§ GOAL OF THE EXERCISE
Starting at the line that contains "2002 CADILLAC DEVILLE", write out every line to the end of the records below exactly, and leave out the pictures.

§ Excerpts from a dataset
--------
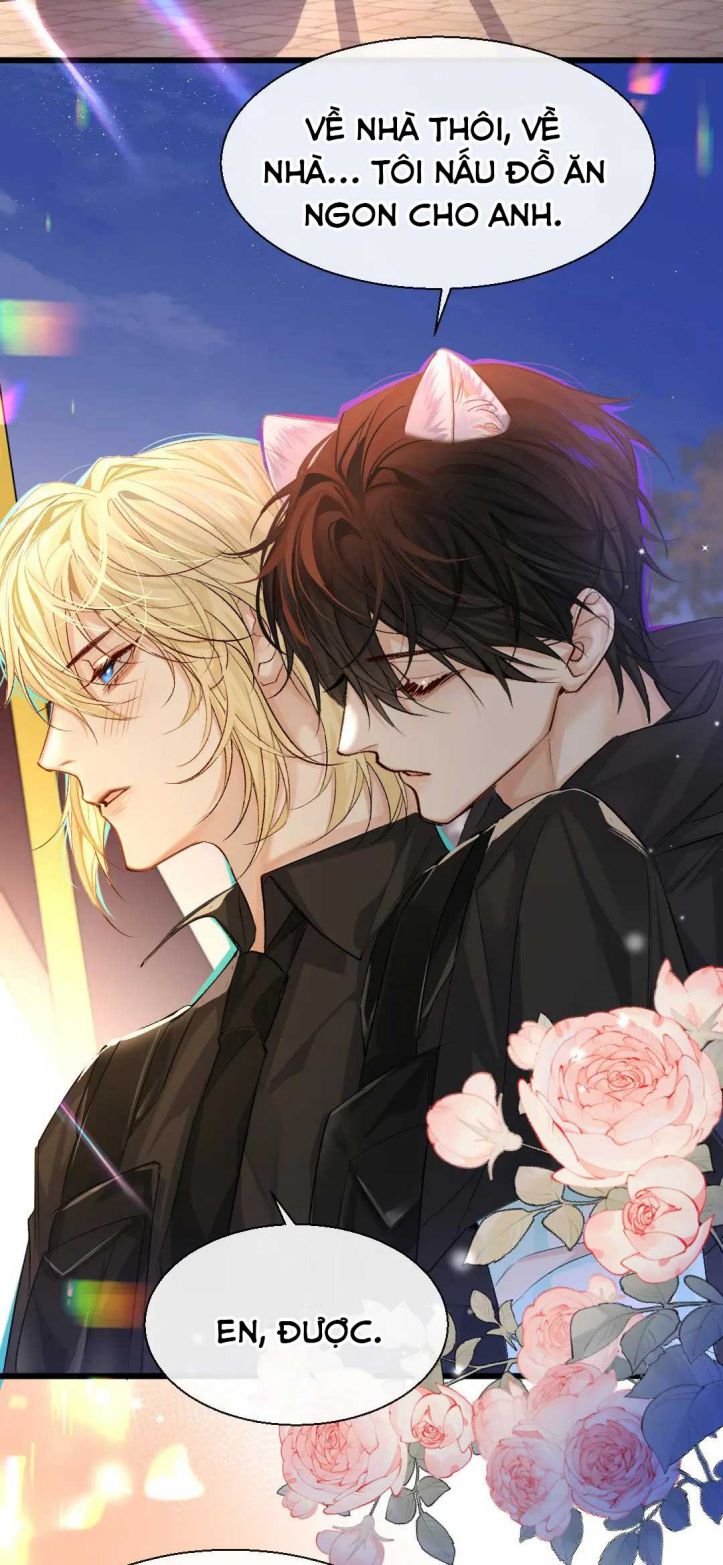 Nhân Ngư Rơi Xuống Chapter 27 - Next Chapter 28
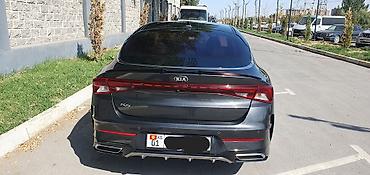 чехол киа к5: Kia K5: 2020 г., 2 л, Автомат, Газ, Седан — 5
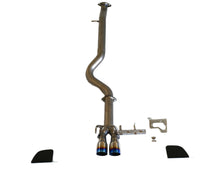 Load image into Gallery viewer, Invidia Full Titanium Catback Exhaust - Toyota GR Corolla 2023+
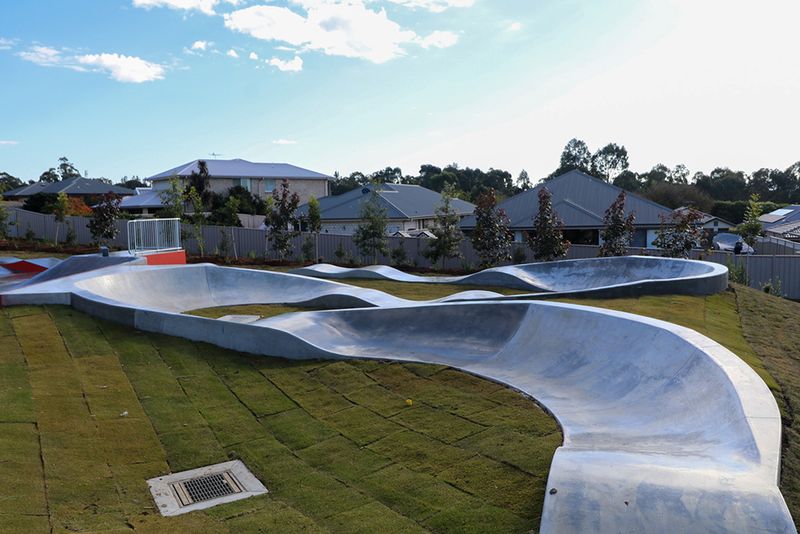 Largs Skatepark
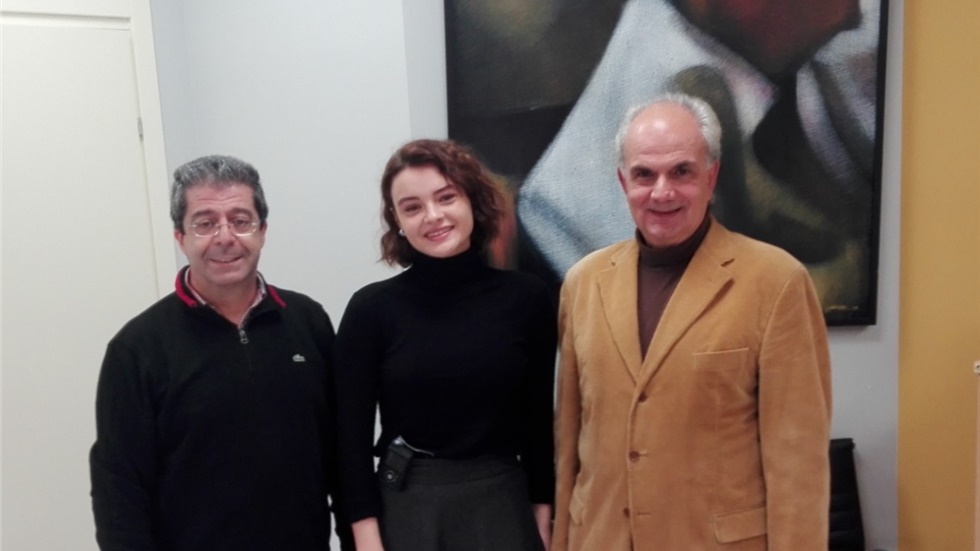 ΑΠΘ: Φοιτήτρια του Τμήματος Φαρμακευτικής στη μάχη για την αντιμετώπιση...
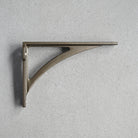 6 Inch Ironbridge Cast Iron Shelf Bracket-4 - 6" Shelf Brackets-Yester Home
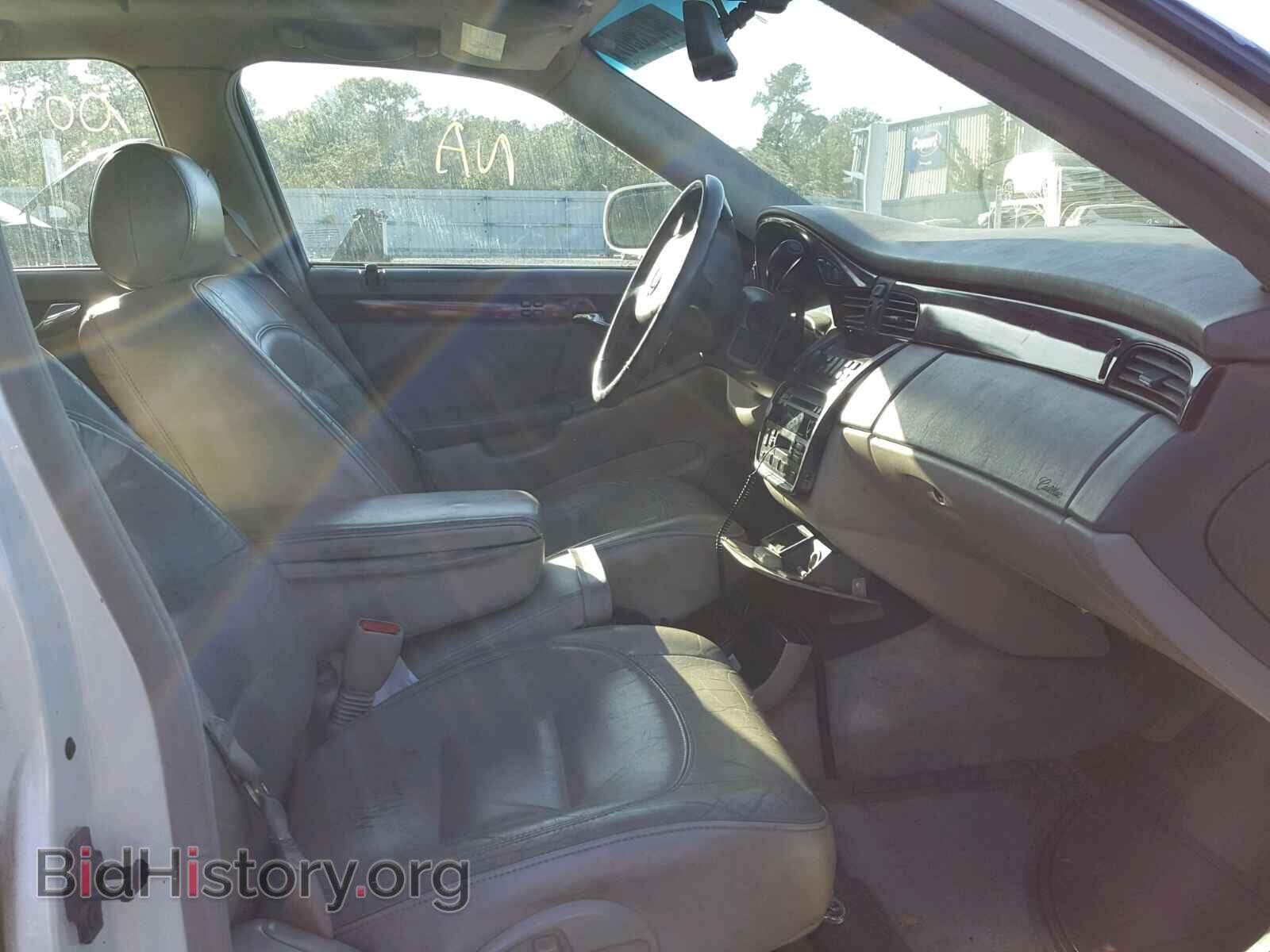 2002 CADILLAC DEVILLE - VIN: 1G6KD54Y92U245307 - Фото 5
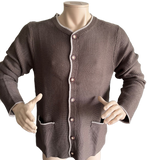 James & Nicholson Herren Trachten Strickjacke Janker Gr. M L XL 3XL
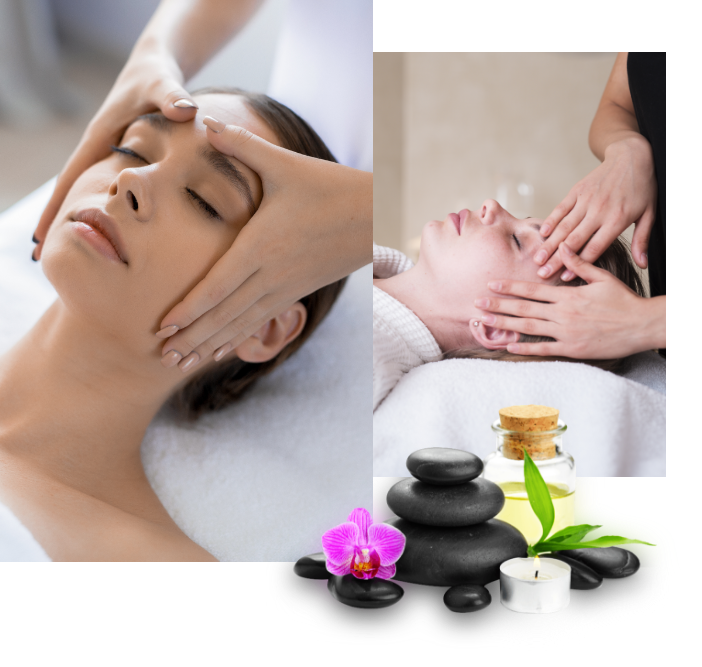 A Traditional Chinese Style Massage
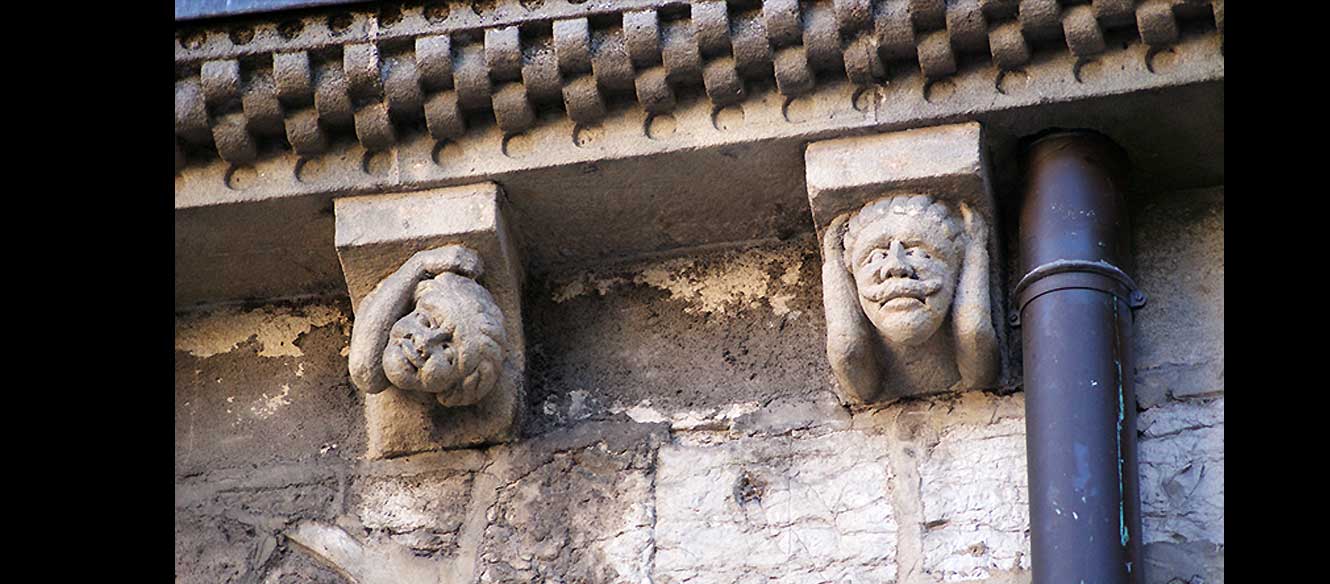 Statues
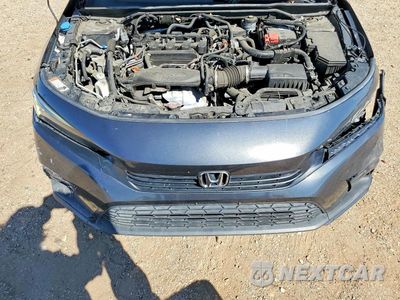 Zdjęcie 11 z 12 samochodu: 2022 HONDA CIVIC TOURING VIN:2HGFE1F91NH315322 - miniatura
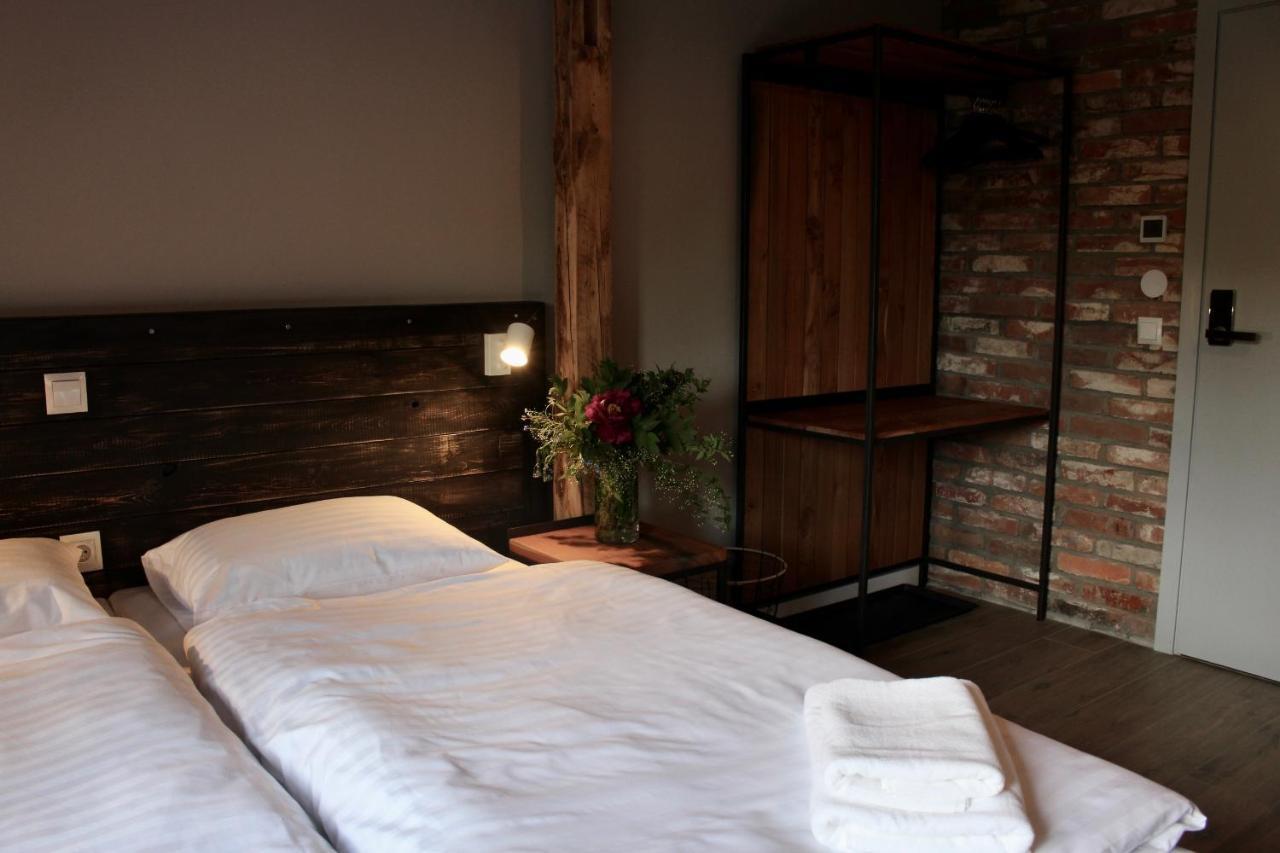 Vila Garden Loft Roczyny Exteriér fotografie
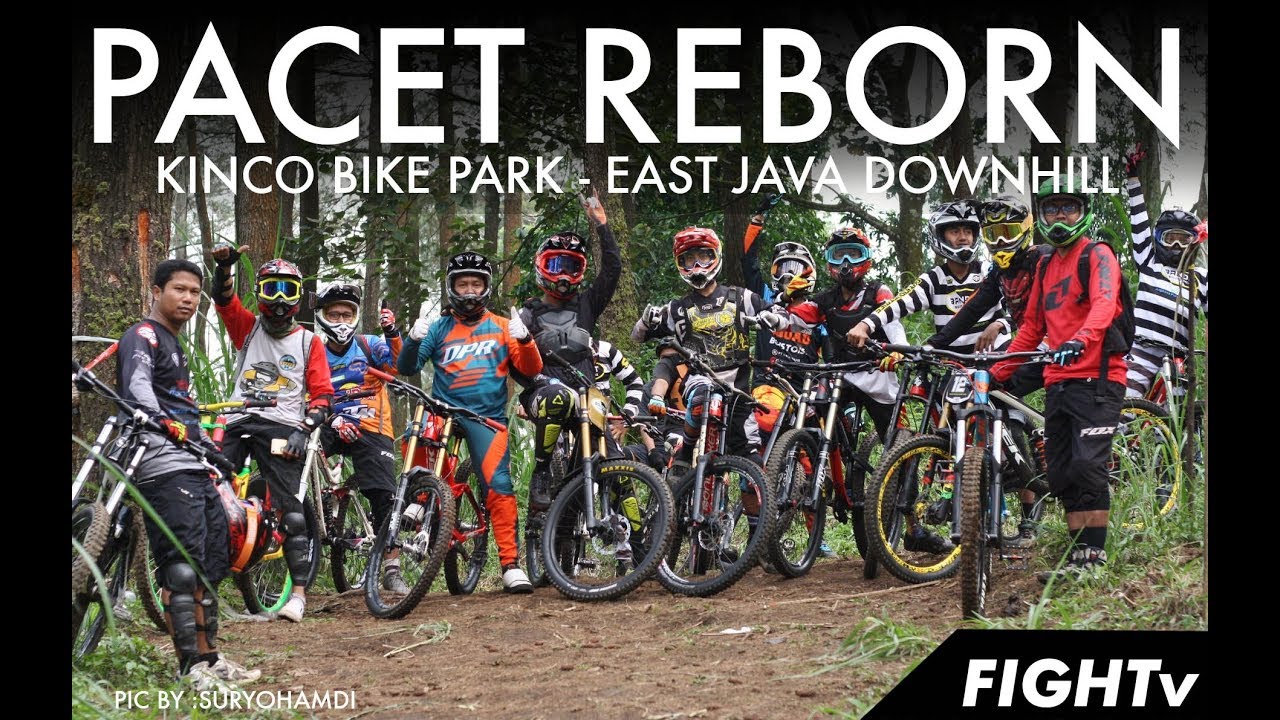PACET REBORN 2019 -  // FIGHTv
--------
§ TASK RESPONSE
 2002 CADILLAC DEVILLE - VIN: 1G6KD54Y92U245307 - Фото 5
 James & Nicholson Herren Trachten Strickjacke Janker Gr. M L XL 3XL
 A Traditional Chinese Style Massage
 Statues
 Zdjęcie 11 z 12 samochodu: 2022 HONDA CIVIC TOURING VIN:2HGFE1F91NH315322 - miniatura
 Vila Garden Loft Roczyny Exteriér fotografie
PACET REBORN 2019 -  // FIGHTv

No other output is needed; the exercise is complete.